Era il grande pericolo temuto dai tecnici della Commissione. Si temeva che l’acqua bevuta dal corpo frana rendesse instabile quell’ammasso di terra e sassi, di tronchi spezzati che faceva da sbarramento alle acque del lago. In tal caso esso sarebbe poi crollato sotto l’erosione dell’acqua che tracimava.
Gli sfollati sui monti, quelli ospitati negli alberghi, quelli presso i parenti, erano muti e pensosi. Tutti pregavano in cuor loro per la salvezza della valle.
Il corpo frana del lago di S. Antonio aveva assorbito più di cinque milioni di metri cubi d’acqua ma aveva tenuto. La temuta erosione non era avvenuta e ora l’acqua si era avviata docile verso valle.
La giornata fu memorabile.
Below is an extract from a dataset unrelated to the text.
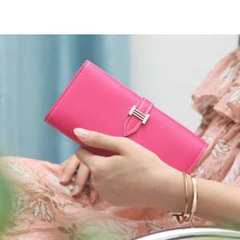 Edition large capacity multi-function bag, female hand bag, zero purse 2017, new lady wallet long Japanese and Korean Rose red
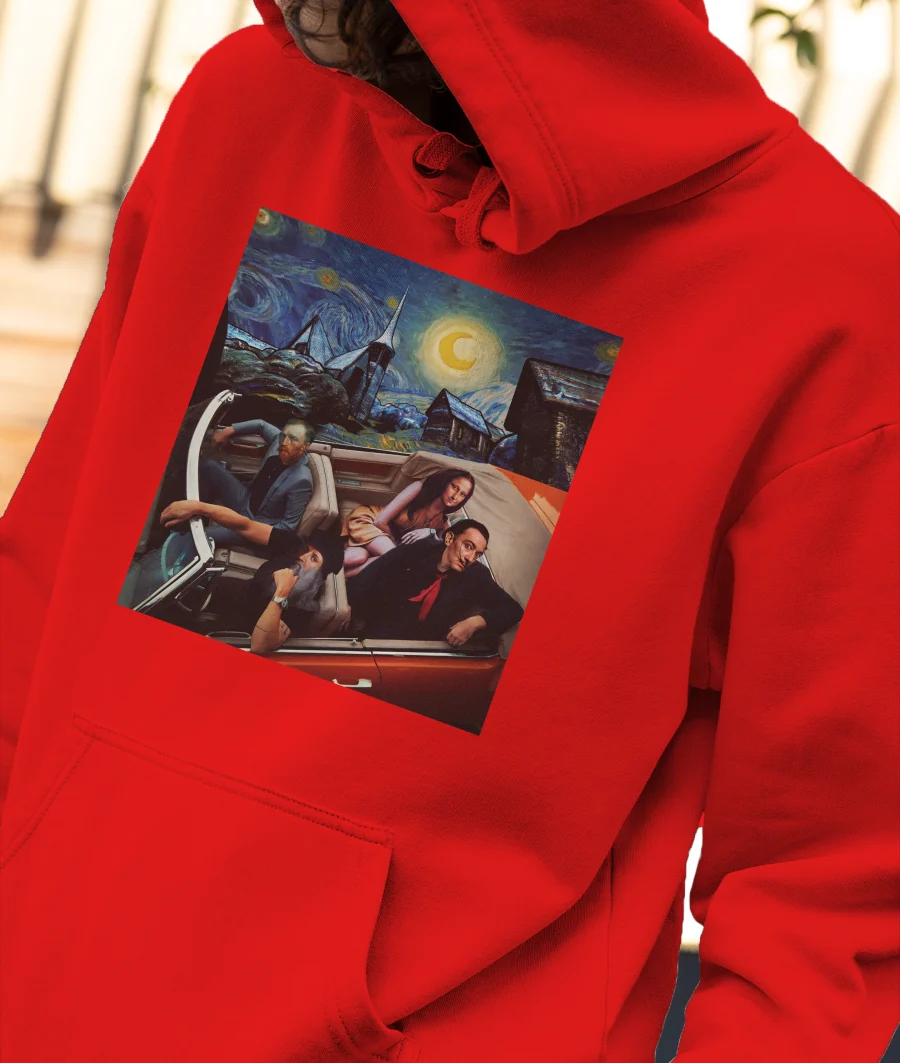 Once Upon A Time In Hollywood | Starry Night Front-Printed Hoodie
Le televisioni con i loro potenti teleobiettivi, appostati sulla roccia di Pravadina, seguirono tutto l’evento in diretta e moltissimi italiani poterono finalmente esultare per il successo!
Intanto, instancabilmente, i ruspisti della Cariboni continuavano il loro lavoro sul corpo frana, scavavano, allargavano l’alveo aiutati dalla forza dell’acqua tracimata che si era fatta di portata più consistente. I tecnici della Commissione tirarono un sospiro di sollievo, ma sapevano molto bene che il pericolo non era passato .
Laggiù l’acqua dell’Adda era ancora poca e di color chiaro e lassù sul corpo frana l’acqua tracimata aveva formato una grande pozza dove si era quietata.
L’acqua della tracimazione aveva imbevuto la grande massa di terra e sassi e ora poteva continuare la sua corsa a valle. Il drago si era finalmente dissetato.
La grande pozza si era ingrossata, era traboccata e l’acqua aveva eroso altra terra. Dalla pozza usciva ora un torrentello che si era diviso in due, tre rivoli scuri e fangosi e aveva ripreso il suo cammino verso valle; poco a poco i rivoli fangosi si erano ingrossati sino a gettarsi nel suo vecchio alveo dell’Adda presso le Prese.
La “tracimazione controllata” aveva avuto esito positivo!
Si udirono nelle case urla di gioia: la gente si abbracciò commossa. I visi si rasserenarono e tutti gli sfollati tirarono un sospiro di sollievo: le loro case erano salve! Alcuni fecero il segno di croce e ringraziarono Dio e i santi, altri si grattarono la testa e dissero che era andata bene.